When Ultrabrown posted about Tony D'Souza's new book The Konkans, and mentioned it was the story of a family created when a white woman who believed India to be her spiritual home married (as D'Souza puts it) "the one living-and-breathing souvenir of that place who could also get a job in America," I knew I had to schedule a block of time to visit Borders and read this book.

It is a lot like The Namesake, in that D'Souza and Lahiri both focus on squeezing about forty years of events into 150 pages, and thus the stories of the families themselves seem a bit surface-level; timeline rather than narrative. This happened, then this, then this. Unlike Lahiri, D'Souza presumes omniscience and tells the history not through the viewpoint of himself as his parents' son (this isn't a second-gen coming of age story; in fact, D'Souza's role in his own family narrative is tangential), but as a sort of floating narrator who attempts to portray everyone's motives and flaws honestly and equally.
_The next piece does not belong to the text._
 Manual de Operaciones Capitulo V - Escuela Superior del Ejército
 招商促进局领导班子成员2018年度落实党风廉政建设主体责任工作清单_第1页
The result is a depiction of characters both sympathetic and slightly repelling. Without giving too much away, it becomes clear that this unhappy family is unhappy in its own way because at the very start, the union of husband and wife was built on a double bait-and-switch; Denise, the white woman who travels to India via the Peace Corps to escape a childhood of poverty and abuse, and who wants more than anything to stay in the country where she first achieves a sense of agency and purpose, marries Lawrence assuming he is her ticket to an Indian passport; while Lawrence, who knows full well that he is using Denise to get to America (he and his parents conspire to make her life in India so miserable that she will begin to yearn for the comforts of the US), moves them both to Chicago only to find that Denise comes from a family of white trash and that he has, without knowing it, "married below his caste."

And then there's Lawrence's brother Samuel, whose visa Denise sponsors and who becomes the only person in her life to appreciate her for who she is. This kind of story is guaranteed a happy ending.

The characters in The Konkans are all searching for identities, and it is telling that the character who is most comfortable with his identity is neither the American wife wanting to raise an Indian family nor the Indian husband wanting to raise an American family, but Sam, the brother, who attempts -- and achieves -- a hybrid of both worlds. (That is, until Sam's father sends a letter telling Sam that a bride is waiting for him back in India.) We don't know enough about D'Souza's character to know where he fit into this family story (he ends his family narrative while his character is still a child), or how he built his own identity between the warring impulses of his parents, but -- as Ultrabrown notes -- he has already written about this subject in other novels and articles.

So. Would I recommend? I suppose my initial response is "sure, why not," but at the same time... well... let's put it this way. There are much better books out there, and better memoirs, and better discussions of cultural identity; but no other book with this particular combination of characters. That's the reason to pick it up and give it a try.

1 comment:

chachaji said...

Nice review, Blue! I was looking up reviews that other people had done, to link them to mine. But yours was from back in February!